Question

Three circles touch one another externally. If the tangents at their points of contact meet at a point whose distance from a point of contact is $4$, then the ratio of product of radii to the sum of the radii of the circles, is

• A. $2:1$
• B. $4:1$
• C. $8:1$
• D. $16:1$

Answer 1

The correct option is D $16:1$

Let $r_1,r_2,r_3$ be the radii of circles with centres $A,B,C,$ respectively.
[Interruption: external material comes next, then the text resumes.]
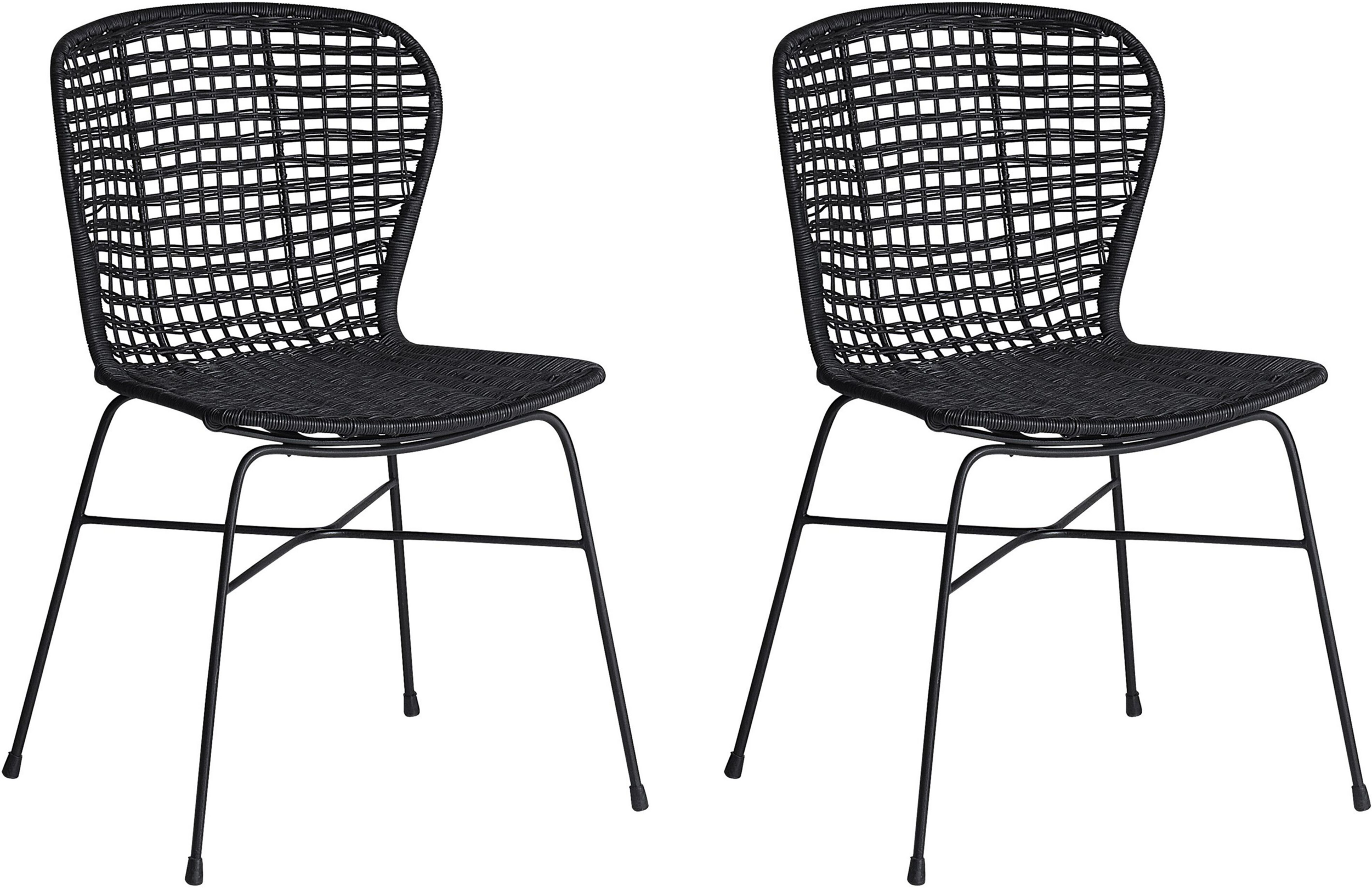 Beliani Set of 2 Dining Chairs Black Rattan Wicker Metal Frame Rustic Indoor Boho Design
These circles touch one another externally.
Let $O$ be their radical centre.
Also, $O$ is the incentre if $△ABC$.
Since $OL=4$,
$\therefore$ the radius of the incircle is 4.
Now $AB=r_1+r_2=c$
$BC=r_2+r_3=a$
$AB=r_1+r_3=b$
$\therefore s=\frac{a+b+c}{2}=r_1+r_2+r_3$
So, $s-a=r_1,s-b=r_2$ and $s-c=r_3$
Thus, area of $△ABC=\sqrt{s(s-a)(s-b)(s-c)}=\sqrt{(r_1+r_2+r_3)r_1{r}_2{r}_3}$
We know that,
$\text{radius of incircle}=\frac{\text{area of traingle ABC}}{\text{semiperimeter of triangle ABC}}$
$\therefore \frac{\sqrt{(r_1+r_2+r_3)r_1{r}_2{r}_3}}{r_1+r_2+r_3}=4$
$\Rightarrow \frac{r_1{r}_2{r}_3}{r_1+r_2+r_3}=16$
Therefore, the required radio is $16:1$.